Diversifying Content Across Social Media Platforms

Diversifying Content Across Social Media Platforms

Maggie Clarke (California State University – Dominguez Hills, USA) and Jillian Eslami (California State University – Dominguez Hills, USA)
DOI: 10.4018/978-1-5225-8097-3.ch004

Abstract

In this chapter, the authors describe how a committee of librarians' project to revamp the social media presence at a public comprehensive university library has helped foster deeper student engagement. By temporarily restructuring the library social media committee into subcommittees and assigning each one a single social media platform, librarians were able to develop stronger understanding of the content, norms, and audience of each platform and create more diverse and targeted content for each. This change has resulted in increased interaction with students across all platforms leading to higher attendance at library events. Preliminary findings also suggest that increased student engagement has the potential to illuminate opportunities for partnership across campus.
Chapter Preview
Top

Introduction

Social media has a huge presence in students’ lives. With students increasingly invested in an ever-changing social media landscape, librarians concerned with meeting students at their point of need cannot ignore the importance of social media. This constantly evolving mode of communication is now an essential way for academic libraries to connect with their students, faculty, and the larger academic community. At the same time the need for academic libraries to demonstrate their value, often by quantifying their impact on student success, makes it increasingly important that libraries take measures to maintain their visibility in the campus community and in students’ academic lives.

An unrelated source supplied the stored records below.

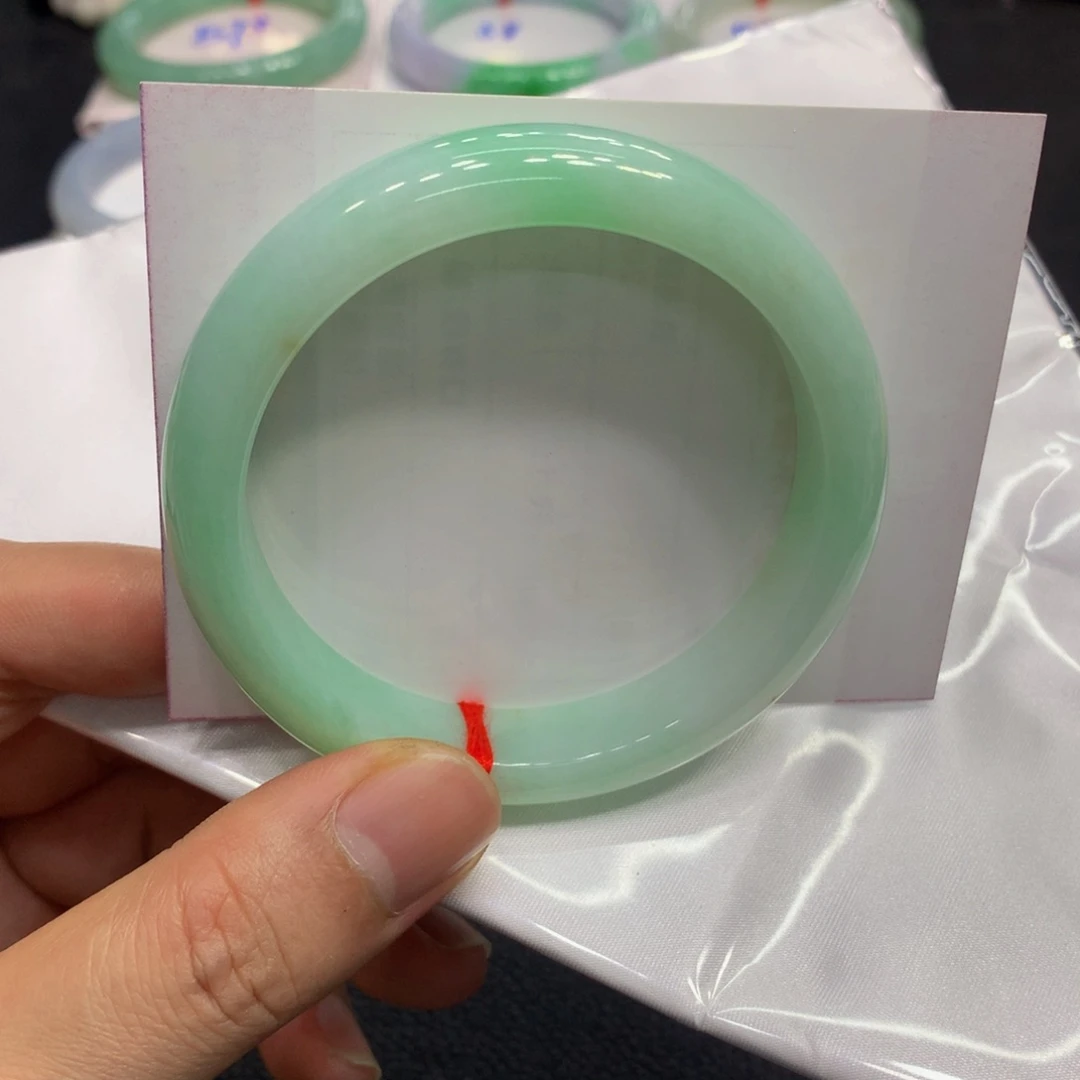 未镶嵌手镯翡翠翡翠手镯苹果绿5
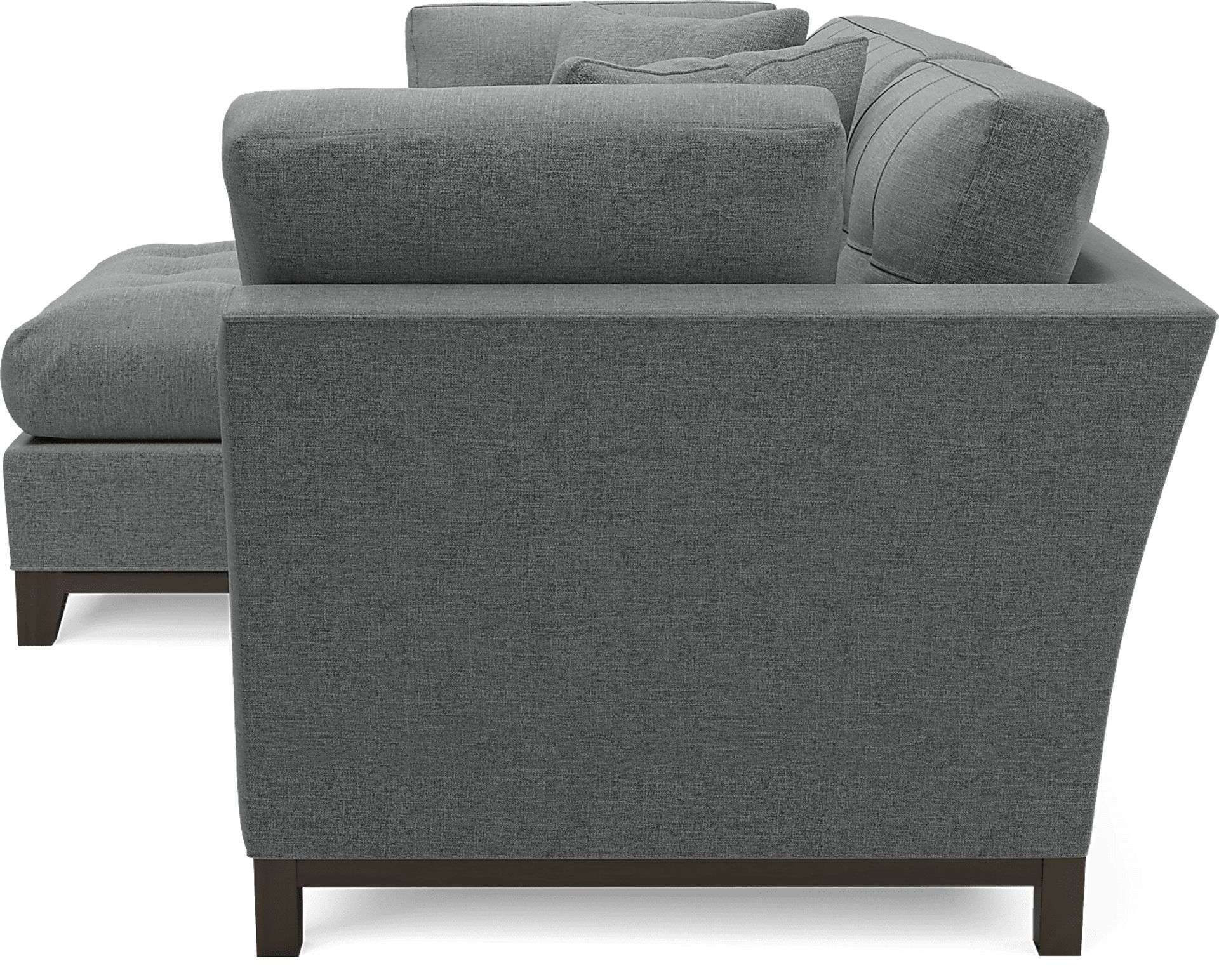 Cindy Crawford Metropolis Way Granite Gray Textured 2 Pc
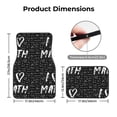thumbnail image 4 of Daiia I love Math Printed Car Floor Mats Set of 4, Durable Non Slip Auto Floor Carpet, Car Interior Carpets Proof Foot Pads Anti-Slip Cushion Automoetive Accessories, 4 of 6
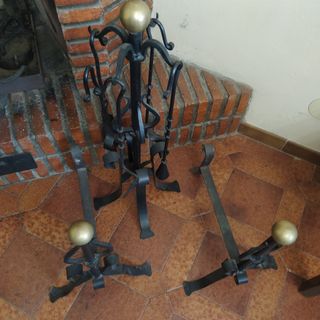 Juego utensilios chimenea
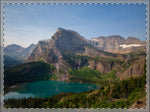 Grinnell Glacier Trail Framed Poster, Multi-Color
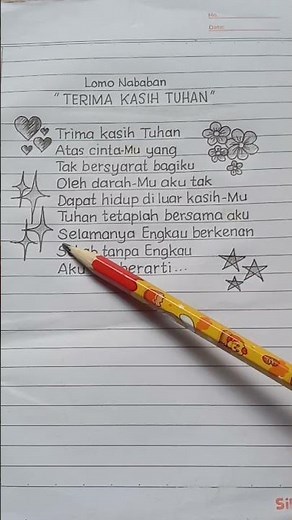 Lomo Nababan "Terima Kasih Tuhan"(Lirik lagu)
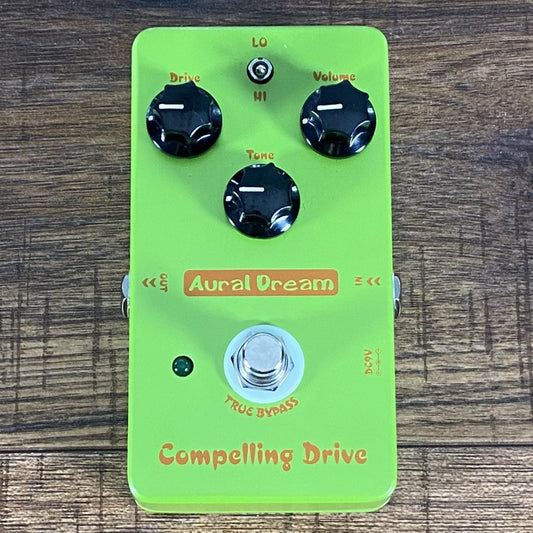 Aural Dream Compelling Drive Overdrive Guitar Effect Pedal Used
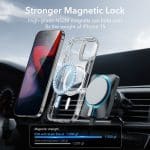 ESR Classic Kickstand Halolock MagSafe Clear Kryt iPhone 15 Pro Max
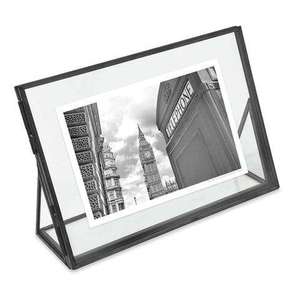 Metal Rectangle Photo <b>Frame</b> <b>Floating</b> Glass Wall Decor Horizontal Picture <b>Frame</b> for Home Display - Product Image 2
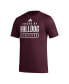 Фото #3 товара Men's Maroon Mississippi State Bulldogs AEROREADY Pregame T-shirt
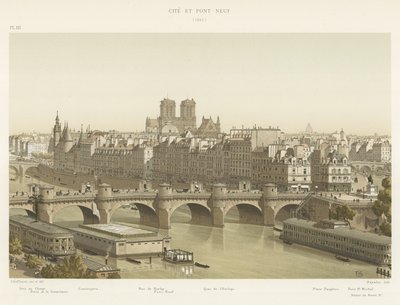 La Cité y el Pont-Neuf, 1840 de French School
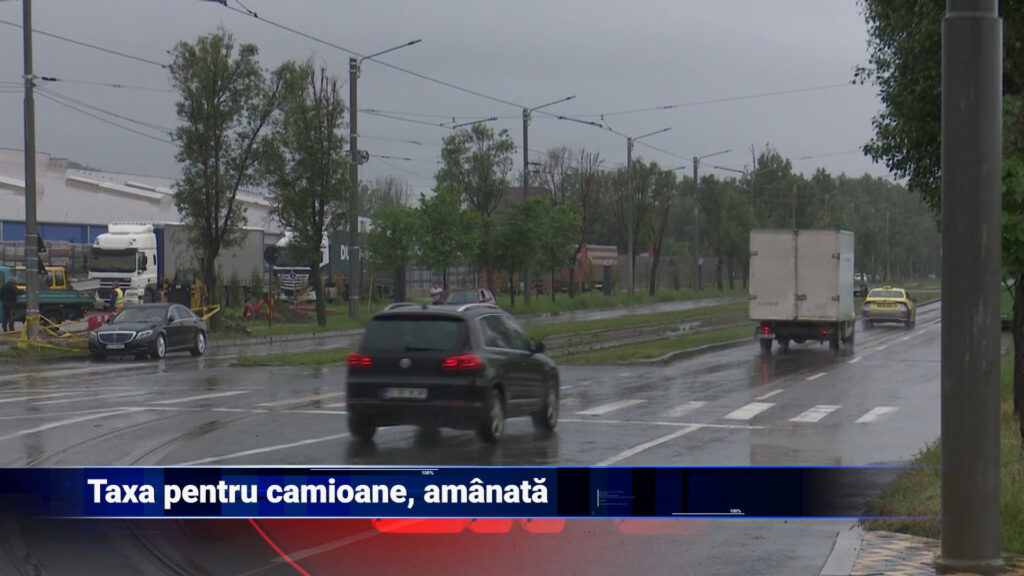 Taxa pentru camioane, amânată
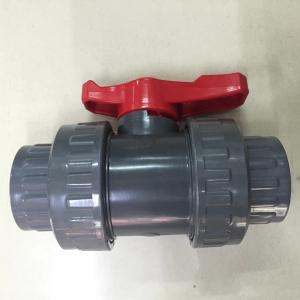 Quality Black Red DN20 UPVC Double Union Ball Valve wholesale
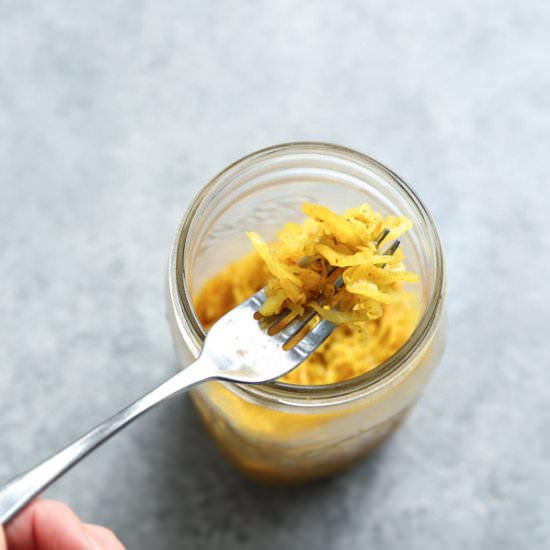 Spicy Homemade Fermented Sauerkraut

As Clark and Melancon observed, social media has changed marketing into an interactive media which encourages “two-way conversations (Clark & Melancon, 2013, p. 132). Social media allows academic libraries to both tell students about events and resources and invite student response at various levels. This chapter will describe how the University Library at California State University Dominguez Hills (CSUDH) is using social media to more effectively facilitate these interactions in support of the library’s Vision. CSUDH University Library defines its Vision as the desire to:

  • Be the center of intellectual and creative life at CSUDH, facilitating teaching, learning, research, intellectual inquiry, and curiosity.

  • Be an innovative, collaborative, inclusive, and flexible organization that provides responsive, learner-centered services and technologies that meet the evolving information, curricular, and research needs of CSUDH students, faculty, and staff and the surrounding community.

  • Provide vibrant, welcoming, and engaging learner-centered physical and virtual spaces [emphasis ours] that facilitate innovation, collaboration, and boundary-free access to information. (CSUDH, 2018)

In the spirit of innovation, flexibility, and centering learners embedded in this Vision, the University Library makes it a priority to meet students where they are. Students who cannot come to campus and visit the library in person, who are enrolled in distance education programs, or who suffer from library anxiety, all have the option of accessing help from a librarian online via chat reference, virtual research consultation meetings, or library email. It is the authors’ hope that the library’s social media presence will function not only as a marketing tool but as an extension of the library’s virtual spaces. Social media includes all students who follow-- regardless of if they are on campus students can read a tweet or see a post on Instagram. Students can access the library and its various social platforms at their leisure, and decide whether they want to utilize a resource or attend an event. They can also learn more about the library’s resources and services without having to visit in person or consciously choose to seek out that information on our website. Using social media in this way has the potential to bridge the gap between feeling comfortable in the library and avoiding it due to library anxiety. A student may be less inclined to talk to other students in person about a library event, a book, or a resource, but have no qualms about posting or replying to a comment on Twitter or Facebook. The usage of social media goes beyond advertisement and promotion of the library to engage and support the students as well (Mellon, 2015).

In this chapter, the authors will describe how a project to revamp the social media presence by a committee of librarians at a public comprehensive university library beginning in January 2018 has helped increase attendance at library related events and fostered deeper student engagement. By restructuring the library social media committee into smaller groups and assigning each one a single social media platform, the different accounts have evolved unique voices suited to the content, norms, and audience of each platform. The decision to offer different information across each, or the same information in a variety of ways, allows the committee to better tailor the content on each platform to its audience based on students’ feedback and engagement.